Malgré tout, selon les projections du gouvernement espagnol, en 2050, il y aura en Espagne six retraités pour dix travailleurs, contre trois pour dix actuellement. Pour remédier au problème, le récent accord de gouvernement de coalition, signé entre le chef du gouvernement socialiste, Pedro Sanchez, et le leader de la gauche radicale Podemos, Pablo Iglesias, a promis plus d’aides aux familles, pour la cantine, les fournitures scolaires ou les enfants à charge dans les foyers en difficulté. Il garantit le droit des parents à aménager leurs temps de travail jusqu’aux 12 ans de l’enfant. Et il a confirmé une nouvelle augmentation du congé paternité : passé à 12 semaines depuis le début de l’année 2020, il s’allongera jusqu’à 16 semaines en 2021.
Mais pour les jeunes, cela ne suffit pas. La brève tentative d’instaurer une aide à la naissance, de 2 500 euros par enfant, mise en place en 2007 par l’ancien président du gouvernement socialiste, José Luis Rodriguez Zapatero, n’a pas survécu à la crise et n’a duré que trois ans, jusqu’en 2010. L’absence d’allocations familiales, la précarité des emplois et l’émancipation tardive des jeunes Espagnols qui en découle, ne favorisent ni la maternité ni la paternité. L’âge moyen des mères à la naissance de leur premier enfant est de 31 ans et l’âge moyen de maternité de 32,2 ans. Un tiers des naissances est le fait de femmes de plus de 35 ans et un dixième, de plus de 40 ans.
60 % des 25-29 ans vivent chez leurs parents
« Vu le prix des loyers, les conditions bancaires exigées pour les prêts immobiliers et la fragilité de mon contrat de travail, je ne peux pas imaginer m’émanciper pour le moment », résume Gonzalo, ambulancier municipal de 27 ans, qui vit avec ses deux sœurs de 23 ans, son père et sa grand-mère à Villanueva de la Cañada, dans la banlieue de Madrid.
Ce jeune célibataire gagne pourtant près de 1 700 euros par mois, un salaire supérieur à la moyenne pour les jeunes de son âge. Cependant, son emploi n’est pas très stable, puisque la mairie lui a fait signer un contrat de chantier et opération, une sorte de CDI qu’elle peut rompre à son bon vouloir. « Une banque ne me donnera jamais de crédit pour acheter un appartement avec un tel type de contrat et je ne me vois pas dépenser plus de 40 % de mon salaire dans un loyer : ici, on ne trouve rien à moins de 700 euros par mois… Je préfère économiser et quand j’aurai un contrat fixe acheter un petit appartement pour être enfin indépendant », ajoute-t-il.

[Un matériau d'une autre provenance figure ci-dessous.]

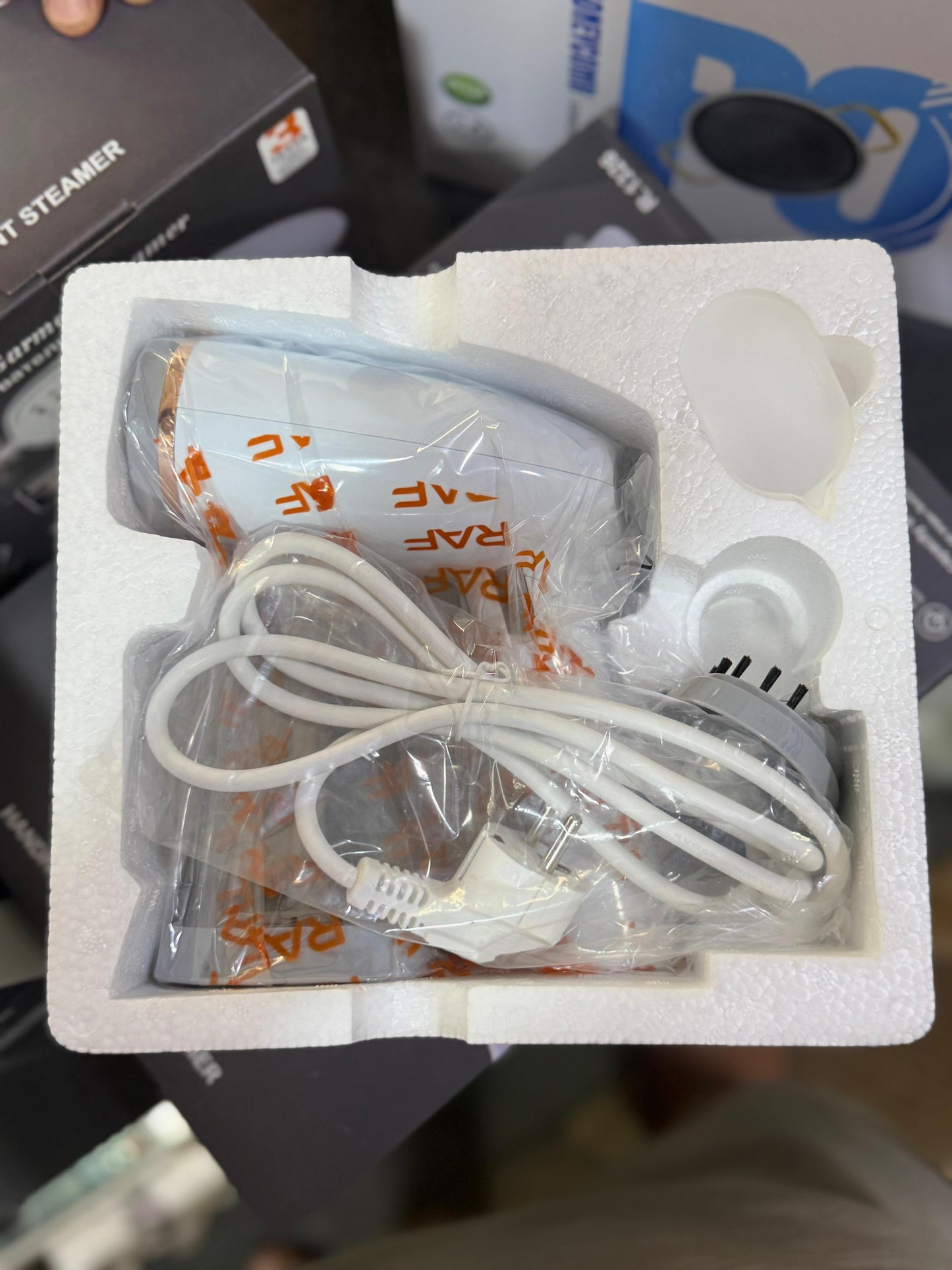 RAF hand held garment steamer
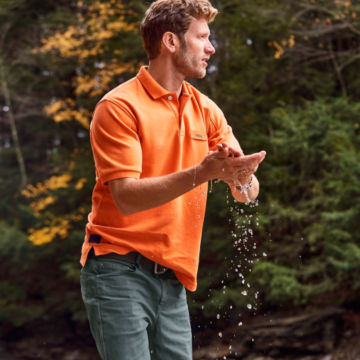 Man in Tangerine Orvis Signature Polo cleans his hands in the water.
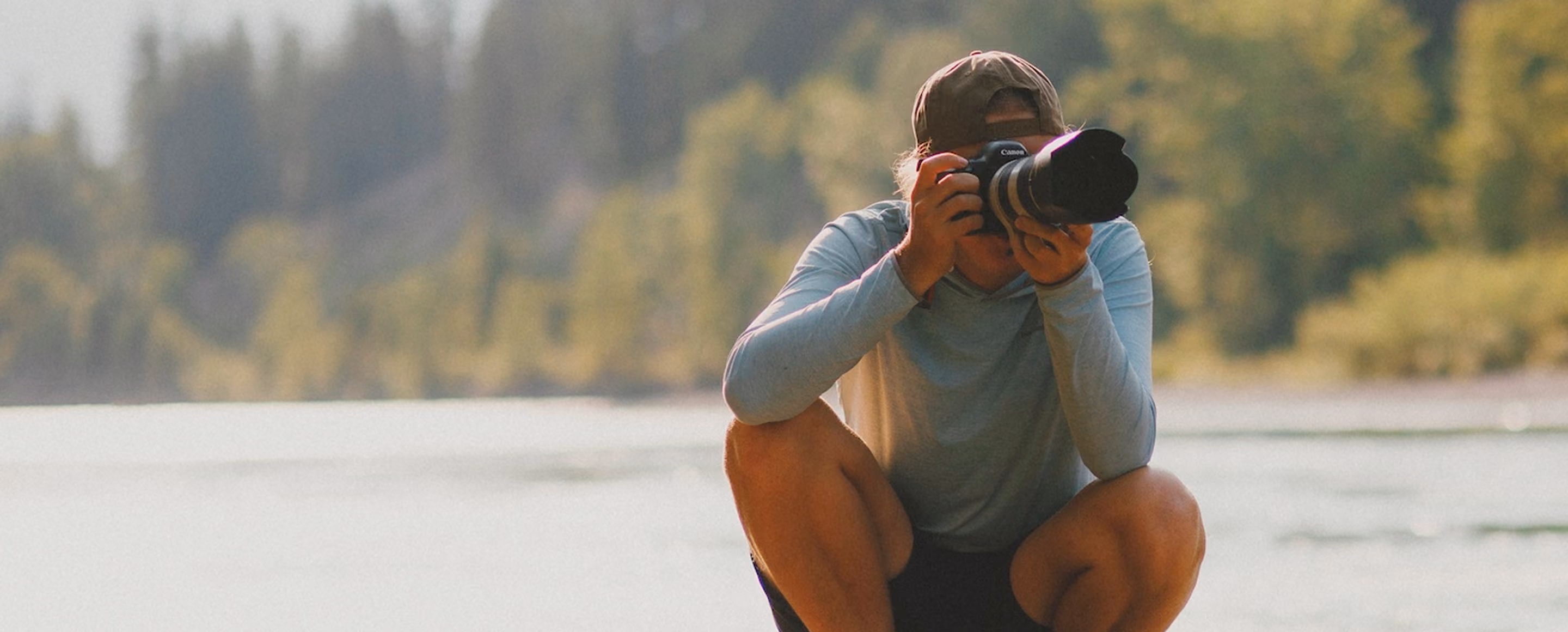 Person squatting outdoors by water, taking a photo with a Canon camera and wearing a cap and long sleeve shirt.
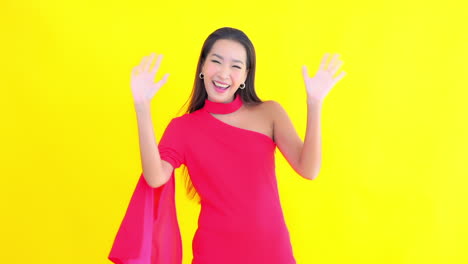 young asian woman greets in elegant fuchsia dress with yellow screen in background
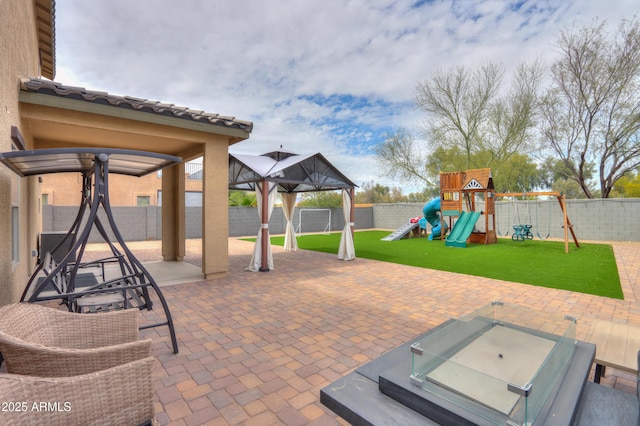 view of patio featuring a fenced backyard, a playground, and a gazebo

Selon le dernier Observatoire de l’émancipation élaboré en décembre par le Conseil de la jeunesse d’Espagne (CJE), une plate-forme d’associations de jeunes de tout le pays, 81 % des jeunes entre 16 et 29 ans habitent encore chez leurs parents. Si on se limite à observer les 25-29 ans, ils sont encore plus de 60 % à ne pas avoir abandonné le nid…
L’âge moyen d’émancipation des jeunes Espagnols est 29,5 ans, contre 26 ans en moyenne en Europe. S’il existe des facteurs culturels qui expliquent ce « retard » – notamment la solidité des liens familiaux et des relations intergénérationnelles –, les conditions de travail souvent précaires, le chômage qui frappe encore 32 % des jeunes actifs de moins de 25 ans, et les prix des logements, qui augmentent très fortement depuis 2016, en sont aussi largement responsables.
Les deux sœurs de Gonzalo, elles, « n’envisagent même pas de s’émanciper, puisqu’elles sont étudiantes et n’ont que des petits boulots de quelques heures par semaine », conclut leur frère.